EXERCISE PROMPT: Everything from the first line of the records to the line containing "2-этажный таунхаус 270 м² с отделкой", inclusive, is to be extracted exactly, and nothing more.

########################################

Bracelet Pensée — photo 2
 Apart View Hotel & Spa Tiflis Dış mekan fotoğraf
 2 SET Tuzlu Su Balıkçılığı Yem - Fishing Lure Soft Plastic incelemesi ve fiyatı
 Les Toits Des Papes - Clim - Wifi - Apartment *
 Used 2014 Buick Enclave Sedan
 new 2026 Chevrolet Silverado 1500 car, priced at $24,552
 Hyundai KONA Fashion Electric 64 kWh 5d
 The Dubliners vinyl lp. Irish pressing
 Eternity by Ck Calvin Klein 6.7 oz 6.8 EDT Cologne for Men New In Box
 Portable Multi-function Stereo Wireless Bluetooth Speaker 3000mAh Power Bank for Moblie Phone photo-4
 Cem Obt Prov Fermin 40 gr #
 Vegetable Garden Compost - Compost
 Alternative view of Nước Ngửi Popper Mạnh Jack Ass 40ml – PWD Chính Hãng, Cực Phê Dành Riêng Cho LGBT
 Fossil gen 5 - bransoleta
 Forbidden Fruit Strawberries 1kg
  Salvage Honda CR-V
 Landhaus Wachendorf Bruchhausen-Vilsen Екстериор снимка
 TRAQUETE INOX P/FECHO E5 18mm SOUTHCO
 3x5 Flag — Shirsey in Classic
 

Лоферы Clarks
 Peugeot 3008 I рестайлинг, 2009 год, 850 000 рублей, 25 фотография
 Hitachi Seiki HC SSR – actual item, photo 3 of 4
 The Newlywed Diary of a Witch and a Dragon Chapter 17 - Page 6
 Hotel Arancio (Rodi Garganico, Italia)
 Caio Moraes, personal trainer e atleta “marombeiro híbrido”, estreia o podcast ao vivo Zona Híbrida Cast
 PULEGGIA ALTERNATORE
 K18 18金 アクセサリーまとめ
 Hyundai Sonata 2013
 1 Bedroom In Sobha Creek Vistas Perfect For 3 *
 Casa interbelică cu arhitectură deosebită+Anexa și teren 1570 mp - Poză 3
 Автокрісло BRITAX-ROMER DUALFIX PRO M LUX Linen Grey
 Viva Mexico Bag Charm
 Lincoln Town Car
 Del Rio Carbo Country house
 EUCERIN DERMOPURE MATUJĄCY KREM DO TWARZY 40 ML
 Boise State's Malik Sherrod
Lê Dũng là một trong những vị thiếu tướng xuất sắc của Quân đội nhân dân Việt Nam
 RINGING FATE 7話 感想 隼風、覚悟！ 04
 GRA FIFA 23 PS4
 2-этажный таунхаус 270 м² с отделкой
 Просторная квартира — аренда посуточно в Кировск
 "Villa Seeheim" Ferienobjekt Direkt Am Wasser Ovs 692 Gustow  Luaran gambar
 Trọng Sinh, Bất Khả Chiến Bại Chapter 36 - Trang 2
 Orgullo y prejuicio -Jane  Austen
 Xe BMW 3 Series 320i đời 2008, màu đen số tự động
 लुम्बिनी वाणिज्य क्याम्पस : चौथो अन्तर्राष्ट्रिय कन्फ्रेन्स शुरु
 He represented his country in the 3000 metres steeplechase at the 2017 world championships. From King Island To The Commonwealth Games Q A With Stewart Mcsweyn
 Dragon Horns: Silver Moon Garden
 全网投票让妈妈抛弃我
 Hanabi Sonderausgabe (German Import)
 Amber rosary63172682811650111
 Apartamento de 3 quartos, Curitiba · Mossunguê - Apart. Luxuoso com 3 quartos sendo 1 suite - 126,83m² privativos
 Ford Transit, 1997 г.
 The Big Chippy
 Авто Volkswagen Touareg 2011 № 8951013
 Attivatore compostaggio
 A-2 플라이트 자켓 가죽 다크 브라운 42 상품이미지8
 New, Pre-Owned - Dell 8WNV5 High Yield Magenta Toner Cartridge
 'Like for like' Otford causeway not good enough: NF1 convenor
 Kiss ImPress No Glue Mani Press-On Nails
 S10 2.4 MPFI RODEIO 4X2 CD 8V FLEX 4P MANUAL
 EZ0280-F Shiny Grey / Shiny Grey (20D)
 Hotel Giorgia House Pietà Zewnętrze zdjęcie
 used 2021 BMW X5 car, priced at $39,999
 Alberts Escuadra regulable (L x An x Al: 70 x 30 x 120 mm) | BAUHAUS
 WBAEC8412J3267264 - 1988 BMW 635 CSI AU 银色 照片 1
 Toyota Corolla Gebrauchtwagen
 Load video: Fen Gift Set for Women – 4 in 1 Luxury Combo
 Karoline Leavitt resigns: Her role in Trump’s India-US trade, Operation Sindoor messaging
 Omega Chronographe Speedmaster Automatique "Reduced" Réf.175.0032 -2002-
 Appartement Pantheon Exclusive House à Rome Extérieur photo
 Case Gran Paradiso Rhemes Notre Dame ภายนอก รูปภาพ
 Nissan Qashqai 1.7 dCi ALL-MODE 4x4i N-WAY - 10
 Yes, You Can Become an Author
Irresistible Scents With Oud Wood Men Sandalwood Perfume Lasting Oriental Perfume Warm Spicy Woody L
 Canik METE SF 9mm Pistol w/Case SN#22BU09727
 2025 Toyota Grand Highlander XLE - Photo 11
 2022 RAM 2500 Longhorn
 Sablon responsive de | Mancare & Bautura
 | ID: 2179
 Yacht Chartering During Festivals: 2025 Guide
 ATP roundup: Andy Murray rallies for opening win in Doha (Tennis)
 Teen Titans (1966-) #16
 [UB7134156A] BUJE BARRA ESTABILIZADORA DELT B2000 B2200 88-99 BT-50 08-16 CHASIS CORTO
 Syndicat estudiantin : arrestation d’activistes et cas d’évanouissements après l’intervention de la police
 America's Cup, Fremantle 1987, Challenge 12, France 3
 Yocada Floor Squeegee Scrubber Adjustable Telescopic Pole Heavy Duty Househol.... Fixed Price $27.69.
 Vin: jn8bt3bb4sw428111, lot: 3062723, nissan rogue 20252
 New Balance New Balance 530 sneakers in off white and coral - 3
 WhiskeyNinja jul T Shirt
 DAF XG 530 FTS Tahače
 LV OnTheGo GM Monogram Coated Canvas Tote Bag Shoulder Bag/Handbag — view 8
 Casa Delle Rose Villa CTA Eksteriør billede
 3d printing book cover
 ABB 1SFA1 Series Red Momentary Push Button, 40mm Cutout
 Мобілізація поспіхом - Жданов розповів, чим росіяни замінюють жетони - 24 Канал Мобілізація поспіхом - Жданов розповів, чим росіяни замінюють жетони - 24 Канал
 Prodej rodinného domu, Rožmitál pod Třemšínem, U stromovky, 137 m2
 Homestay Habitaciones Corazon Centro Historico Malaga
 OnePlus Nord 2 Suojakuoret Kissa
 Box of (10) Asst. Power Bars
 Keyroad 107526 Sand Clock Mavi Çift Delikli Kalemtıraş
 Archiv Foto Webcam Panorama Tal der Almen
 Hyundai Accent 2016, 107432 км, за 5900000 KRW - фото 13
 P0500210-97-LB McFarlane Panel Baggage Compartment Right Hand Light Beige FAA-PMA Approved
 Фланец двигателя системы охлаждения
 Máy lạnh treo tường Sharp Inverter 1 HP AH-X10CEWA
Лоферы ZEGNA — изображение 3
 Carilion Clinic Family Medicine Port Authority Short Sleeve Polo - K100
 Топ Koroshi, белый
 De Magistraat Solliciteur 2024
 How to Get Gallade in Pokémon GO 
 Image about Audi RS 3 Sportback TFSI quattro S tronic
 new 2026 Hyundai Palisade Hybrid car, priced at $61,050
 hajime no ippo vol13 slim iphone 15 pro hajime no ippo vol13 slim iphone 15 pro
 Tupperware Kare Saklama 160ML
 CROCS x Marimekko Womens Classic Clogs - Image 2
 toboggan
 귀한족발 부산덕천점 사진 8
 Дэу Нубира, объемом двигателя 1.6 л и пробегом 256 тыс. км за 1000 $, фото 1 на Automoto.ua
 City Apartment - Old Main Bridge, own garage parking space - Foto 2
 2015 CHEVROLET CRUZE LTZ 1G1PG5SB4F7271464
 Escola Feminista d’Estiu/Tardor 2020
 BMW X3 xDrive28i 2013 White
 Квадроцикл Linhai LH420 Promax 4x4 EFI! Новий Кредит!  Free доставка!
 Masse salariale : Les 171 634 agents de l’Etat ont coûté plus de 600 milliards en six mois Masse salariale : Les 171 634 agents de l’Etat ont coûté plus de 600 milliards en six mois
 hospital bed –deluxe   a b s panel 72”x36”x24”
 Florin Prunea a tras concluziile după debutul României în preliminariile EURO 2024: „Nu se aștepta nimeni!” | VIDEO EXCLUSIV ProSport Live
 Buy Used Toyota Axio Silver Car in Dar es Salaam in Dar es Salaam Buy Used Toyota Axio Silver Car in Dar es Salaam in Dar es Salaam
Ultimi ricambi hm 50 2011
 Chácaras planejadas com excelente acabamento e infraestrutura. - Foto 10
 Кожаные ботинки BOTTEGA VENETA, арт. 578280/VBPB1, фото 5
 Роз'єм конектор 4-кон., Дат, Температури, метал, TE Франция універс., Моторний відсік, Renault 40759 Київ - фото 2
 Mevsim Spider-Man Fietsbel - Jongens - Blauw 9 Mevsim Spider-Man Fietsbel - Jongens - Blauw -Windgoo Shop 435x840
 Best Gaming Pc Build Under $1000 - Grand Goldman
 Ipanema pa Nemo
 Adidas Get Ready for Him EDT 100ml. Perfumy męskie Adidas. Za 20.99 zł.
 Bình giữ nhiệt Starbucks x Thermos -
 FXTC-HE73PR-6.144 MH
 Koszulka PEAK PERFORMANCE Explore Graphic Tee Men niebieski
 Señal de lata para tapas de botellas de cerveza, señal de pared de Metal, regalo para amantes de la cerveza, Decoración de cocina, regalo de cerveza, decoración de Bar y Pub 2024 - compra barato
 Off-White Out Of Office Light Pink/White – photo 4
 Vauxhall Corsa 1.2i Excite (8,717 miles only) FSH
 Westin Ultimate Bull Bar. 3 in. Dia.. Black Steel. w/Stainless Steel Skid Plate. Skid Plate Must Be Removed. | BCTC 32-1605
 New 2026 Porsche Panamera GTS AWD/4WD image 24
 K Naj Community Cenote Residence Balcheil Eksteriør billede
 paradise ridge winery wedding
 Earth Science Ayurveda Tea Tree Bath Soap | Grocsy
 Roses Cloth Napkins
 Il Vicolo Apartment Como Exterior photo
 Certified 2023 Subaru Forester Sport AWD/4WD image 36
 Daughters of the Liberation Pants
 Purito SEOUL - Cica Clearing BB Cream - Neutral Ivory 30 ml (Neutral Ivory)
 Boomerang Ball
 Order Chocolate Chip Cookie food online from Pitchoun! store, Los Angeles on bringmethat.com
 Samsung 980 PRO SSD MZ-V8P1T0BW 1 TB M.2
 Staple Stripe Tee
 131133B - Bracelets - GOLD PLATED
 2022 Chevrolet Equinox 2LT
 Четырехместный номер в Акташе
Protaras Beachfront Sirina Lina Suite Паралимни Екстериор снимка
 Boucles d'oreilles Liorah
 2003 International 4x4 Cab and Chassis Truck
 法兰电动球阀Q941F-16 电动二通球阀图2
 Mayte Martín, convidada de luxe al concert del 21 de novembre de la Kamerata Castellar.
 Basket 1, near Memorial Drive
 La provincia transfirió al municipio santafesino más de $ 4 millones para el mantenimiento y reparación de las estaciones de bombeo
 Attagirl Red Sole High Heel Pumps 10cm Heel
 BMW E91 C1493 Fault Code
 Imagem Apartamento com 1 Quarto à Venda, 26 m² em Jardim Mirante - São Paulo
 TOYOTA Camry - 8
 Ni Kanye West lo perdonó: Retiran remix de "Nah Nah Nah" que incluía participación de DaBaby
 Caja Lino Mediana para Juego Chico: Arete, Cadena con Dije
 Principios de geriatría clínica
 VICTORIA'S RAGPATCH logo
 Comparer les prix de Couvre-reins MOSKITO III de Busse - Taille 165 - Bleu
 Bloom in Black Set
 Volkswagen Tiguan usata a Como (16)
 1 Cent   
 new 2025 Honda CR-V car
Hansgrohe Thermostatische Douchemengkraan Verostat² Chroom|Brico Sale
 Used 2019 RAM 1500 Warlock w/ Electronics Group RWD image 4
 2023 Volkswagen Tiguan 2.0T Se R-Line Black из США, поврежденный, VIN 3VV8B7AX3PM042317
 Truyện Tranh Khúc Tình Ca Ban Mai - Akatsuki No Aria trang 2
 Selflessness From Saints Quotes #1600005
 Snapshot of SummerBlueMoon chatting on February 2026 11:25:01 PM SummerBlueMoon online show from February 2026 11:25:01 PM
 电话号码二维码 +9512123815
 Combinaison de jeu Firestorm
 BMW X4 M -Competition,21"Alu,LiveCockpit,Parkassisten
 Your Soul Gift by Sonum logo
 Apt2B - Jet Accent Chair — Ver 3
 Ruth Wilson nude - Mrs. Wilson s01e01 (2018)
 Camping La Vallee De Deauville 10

########################################

RESPONSE TO THE EXERCISE:
Bracelet Pensée — photo 2
 Apart View Hotel & Spa Tiflis Dış mekan fotoğraf
 2 SET Tuzlu Su Balıkçılığı Yem - Fishing Lure Soft Plastic incelemesi ve fiyatı
 Les Toits Des Papes - Clim - Wifi - Apartment *
 Used 2014 Buick Enclave Sedan
 new 2026 Chevrolet Silverado 1500 car, priced at $24,552
 Hyundai KONA Fashion Electric 64 kWh 5d
 The Dubliners vinyl lp. Irish pressing
 Eternity by Ck Calvin Klein 6.7 oz 6.8 EDT Cologne for Men New In Box
 Portable Multi-function Stereo Wireless Bluetooth Speaker 3000mAh Power Bank for Moblie Phone photo-4
 Cem Obt Prov Fermin 40 gr #
 Vegetable Garden Compost - Compost
 Alternative view of Nước Ngửi Popper Mạnh Jack Ass 40ml – PWD Chính Hãng, Cực Phê Dành Riêng Cho LGBT
 Fossil gen 5 - bransoleta
 Forbidden Fruit Strawberries 1kg
  Salvage Honda CR-V
 Landhaus Wachendorf Bruchhausen-Vilsen Екстериор снимка
 TRAQUETE INOX P/FECHO E5 18mm SOUTHCO
 3x5 Flag — Shirsey in Classic
 

Лоферы Clarks
 Peugeot 3008 I рестайлинг, 2009 год, 850 000 рублей, 25 фотография
 Hitachi Seiki HC SSR – actual item, photo 3 of 4
 The Newlywed Diary of a Witch and a Dragon Chapter 17 - Page 6
 Hotel Arancio (Rodi Garganico, Italia)
 Caio Moraes, personal trainer e atleta “marombeiro híbrido”, estreia o podcast ao vivo Zona Híbrida Cast
 PULEGGIA ALTERNATORE
 K18 18金 アクセサリーまとめ
 Hyundai Sonata 2013
 1 Bedroom In Sobha Creek Vistas Perfect For 3 *
 Casa interbelică cu arhitectură deosebită+Anexa și teren 1570 mp - Poză 3
 Автокрісло BRITAX-ROMER DUALFIX PRO M LUX Linen Grey
 Viva Mexico Bag Charm
 Lincoln Town Car
 Del Rio Carbo Country house
 EUCERIN DERMOPURE MATUJĄCY KREM DO TWARZY 40 ML
 Boise State's Malik Sherrod
Lê Dũng là một trong những vị thiếu tướng xuất sắc của Quân đội nhân dân Việt Nam
 RINGING FATE 7話 感想 隼風、覚悟！ 04
 GRA FIFA 23 PS4
 2-этажный таунхаус 270 м² с отделкой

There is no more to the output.